Dr. Helen Boucher, an internationally-renowned expert on antimicrobial resistance, has been named Chief of the Division of Geographic Medicine and Infectious Diseases at Tufts Medical Center, effective immediately.
Dr. Boucher joined Tufts Medical Center as an Infectious Diseases Physician in 2002. She is also a Professor of Medicine at Tufts University School of Medicine. In 2005, she assumed the role of Director of the Infectious Diseases Fellowship Program and added the title of Director of the Heart Transplant and Ventricular Assist Device Infectious Diseases Program in 2015. In 2018, Dr. Boucher was selected as the inaugural Director of the Tufts Center for Integrated Management of Antimicrobial Resistance (CIMAR), a cross-disciplinary initiative of Tufts University and Tufts Medical Center. Under Dr. Boucher’s leadership, CIMAR’s mission is to deliver innovative solutions to combat antimicrobial resistance through research, policy and education.

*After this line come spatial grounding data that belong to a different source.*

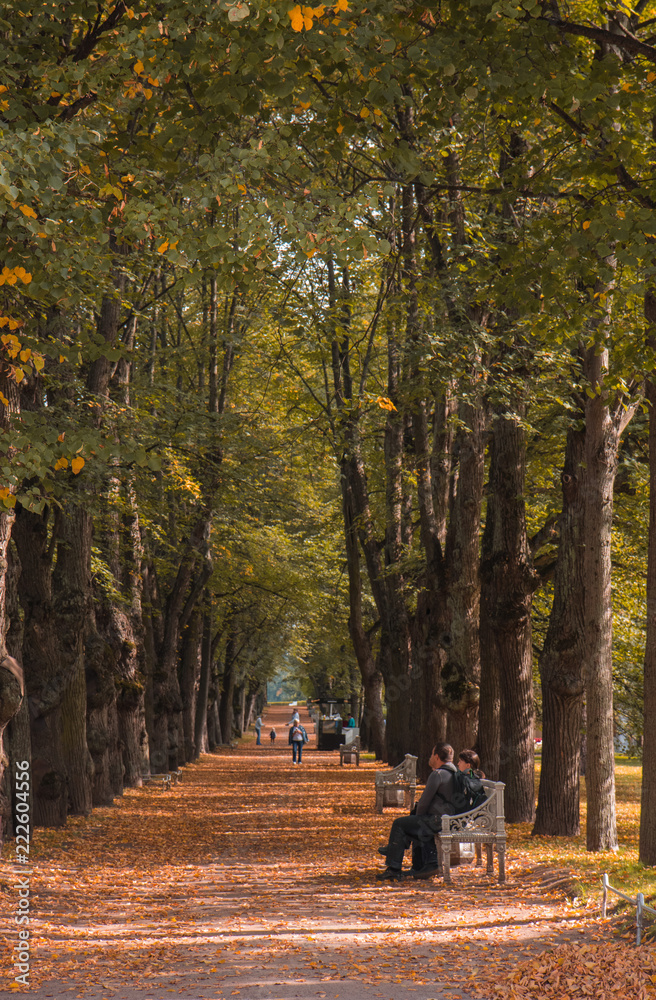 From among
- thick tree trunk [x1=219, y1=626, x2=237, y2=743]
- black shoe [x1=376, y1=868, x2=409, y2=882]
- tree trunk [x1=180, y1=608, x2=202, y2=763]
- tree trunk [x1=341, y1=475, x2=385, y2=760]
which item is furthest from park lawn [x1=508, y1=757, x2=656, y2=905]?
thick tree trunk [x1=219, y1=626, x2=237, y2=743]

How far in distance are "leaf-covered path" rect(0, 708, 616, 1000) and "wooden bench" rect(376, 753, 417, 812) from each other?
1040 mm

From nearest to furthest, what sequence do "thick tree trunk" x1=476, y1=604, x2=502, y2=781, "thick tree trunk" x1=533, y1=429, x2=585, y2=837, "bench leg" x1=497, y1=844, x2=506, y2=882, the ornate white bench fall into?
"bench leg" x1=497, y1=844, x2=506, y2=882, the ornate white bench, "thick tree trunk" x1=533, y1=429, x2=585, y2=837, "thick tree trunk" x1=476, y1=604, x2=502, y2=781

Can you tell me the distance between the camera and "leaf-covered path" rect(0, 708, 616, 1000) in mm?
6051

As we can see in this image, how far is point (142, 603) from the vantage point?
69.4 feet

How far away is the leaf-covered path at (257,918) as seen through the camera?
6.05m

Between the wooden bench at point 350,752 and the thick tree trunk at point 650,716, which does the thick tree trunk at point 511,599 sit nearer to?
the thick tree trunk at point 650,716

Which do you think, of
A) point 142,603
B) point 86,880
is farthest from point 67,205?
point 142,603

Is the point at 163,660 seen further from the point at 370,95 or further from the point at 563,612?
the point at 370,95

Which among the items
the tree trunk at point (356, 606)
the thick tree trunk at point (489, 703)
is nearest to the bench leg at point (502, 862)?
the thick tree trunk at point (489, 703)

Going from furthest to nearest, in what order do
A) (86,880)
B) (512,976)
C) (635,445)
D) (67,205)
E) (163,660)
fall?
(163,660)
(635,445)
(86,880)
(67,205)
(512,976)

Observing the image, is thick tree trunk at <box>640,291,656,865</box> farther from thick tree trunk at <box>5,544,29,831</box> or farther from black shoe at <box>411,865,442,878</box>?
thick tree trunk at <box>5,544,29,831</box>

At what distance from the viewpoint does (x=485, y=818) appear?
9680 mm

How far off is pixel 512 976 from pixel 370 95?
18.3 ft

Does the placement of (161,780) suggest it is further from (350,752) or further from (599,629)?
(599,629) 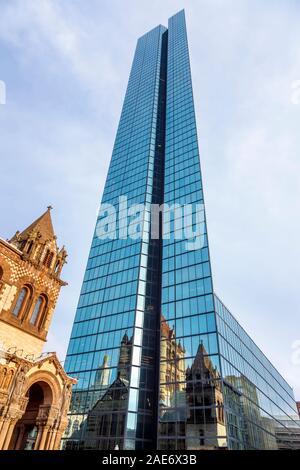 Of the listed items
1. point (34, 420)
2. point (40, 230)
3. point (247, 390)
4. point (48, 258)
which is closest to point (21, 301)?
point (48, 258)

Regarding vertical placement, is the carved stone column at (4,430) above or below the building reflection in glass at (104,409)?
below

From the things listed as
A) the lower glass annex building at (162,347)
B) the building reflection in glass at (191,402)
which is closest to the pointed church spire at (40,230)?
the lower glass annex building at (162,347)

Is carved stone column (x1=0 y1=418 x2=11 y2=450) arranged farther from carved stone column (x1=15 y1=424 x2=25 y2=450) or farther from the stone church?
carved stone column (x1=15 y1=424 x2=25 y2=450)

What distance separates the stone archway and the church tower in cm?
309

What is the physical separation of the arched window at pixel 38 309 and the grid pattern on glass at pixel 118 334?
76.3ft

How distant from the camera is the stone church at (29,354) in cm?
1942

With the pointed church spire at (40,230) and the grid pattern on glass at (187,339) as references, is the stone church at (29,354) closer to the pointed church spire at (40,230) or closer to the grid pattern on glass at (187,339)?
the pointed church spire at (40,230)

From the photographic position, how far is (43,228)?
28734 millimetres

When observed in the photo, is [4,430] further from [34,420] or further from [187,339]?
[187,339]

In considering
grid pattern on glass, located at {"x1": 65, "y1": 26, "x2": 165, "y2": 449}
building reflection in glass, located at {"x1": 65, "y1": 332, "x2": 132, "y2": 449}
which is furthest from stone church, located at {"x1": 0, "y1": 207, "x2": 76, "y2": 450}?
grid pattern on glass, located at {"x1": 65, "y1": 26, "x2": 165, "y2": 449}

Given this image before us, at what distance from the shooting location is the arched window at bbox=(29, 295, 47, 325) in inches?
980

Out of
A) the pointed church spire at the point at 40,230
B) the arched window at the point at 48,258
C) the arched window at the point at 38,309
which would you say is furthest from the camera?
the arched window at the point at 48,258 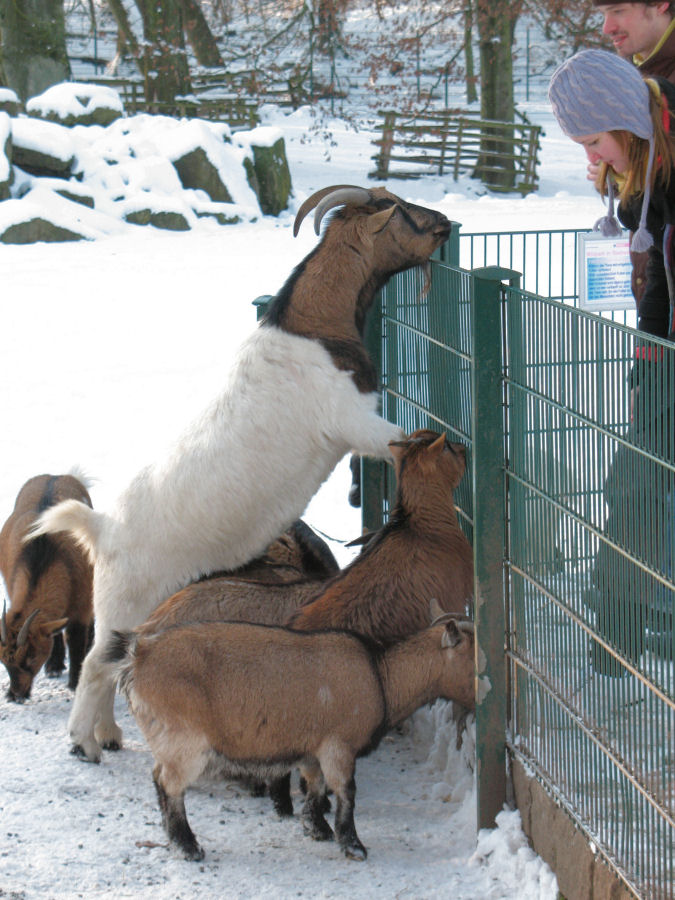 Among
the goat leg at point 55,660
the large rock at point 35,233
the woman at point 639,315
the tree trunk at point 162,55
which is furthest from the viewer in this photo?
the tree trunk at point 162,55

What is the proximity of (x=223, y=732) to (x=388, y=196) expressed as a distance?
246cm

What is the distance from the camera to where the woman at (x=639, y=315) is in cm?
312

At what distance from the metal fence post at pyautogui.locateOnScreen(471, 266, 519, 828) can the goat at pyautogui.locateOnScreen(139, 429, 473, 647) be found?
0.55 m

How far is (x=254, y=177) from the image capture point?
2281cm

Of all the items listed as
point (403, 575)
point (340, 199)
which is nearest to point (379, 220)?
point (340, 199)

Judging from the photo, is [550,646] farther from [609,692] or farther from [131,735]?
[131,735]

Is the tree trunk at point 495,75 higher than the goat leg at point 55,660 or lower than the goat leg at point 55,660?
higher

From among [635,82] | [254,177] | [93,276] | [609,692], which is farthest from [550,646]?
[254,177]

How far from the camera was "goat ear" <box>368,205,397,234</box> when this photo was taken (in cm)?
511

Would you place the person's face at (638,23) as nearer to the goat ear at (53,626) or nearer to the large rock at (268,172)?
the goat ear at (53,626)

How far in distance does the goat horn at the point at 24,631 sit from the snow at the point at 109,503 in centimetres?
33

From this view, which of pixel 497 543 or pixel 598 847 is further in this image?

“Dr. Boucher has long been a leading voice warning of the dangers of antibiotic resistance, especially drug-resistant infections in immunocompromised patients,” said Michael Apkon, MD, PhD, President and CEO of Tufts Medical Center. “As an esteemed researcher, educator and clinician at Tufts for nearly two decades, we are pleased that Dr. Boucher will continue to advance her extremely important work as Chief of the Division.”
Dr. Boucher is a nationally recognized authority on Staphylococcus aureus, a very common type of bacteria that can cause serious, sometimes fatal infections when it enters the bloodstream, lungs, heart or bones. Her research is focused on understanding and combatting dangerous staph infections and developing new anti-infective agents. Dr. Boucher’s work has been published in a number of high-impact academic journals, including The New England Journal of Medicine, Antimicrobial Agents and Chemotherapy, Clinical Infectious Diseases, and The Annals of Internal Medicine, and she is Associate Editor of Antimicrobial Agents and Chemotherapy.
“Dr. Boucher is also a very accomplished educator who has been at the forefront of teaching a countless number of medical students, residents, practicing physicians and nurses about infectious disease management and infection control,” said Deeb Salem, MD, FACP, FACC, FAHA, Chair of the Department of Medicine at Tufts Medical Center. “She now joins the very illustrative group of Division chiefs that have made Tufts Medical Center a world leader in infectious disease clinical care and research.”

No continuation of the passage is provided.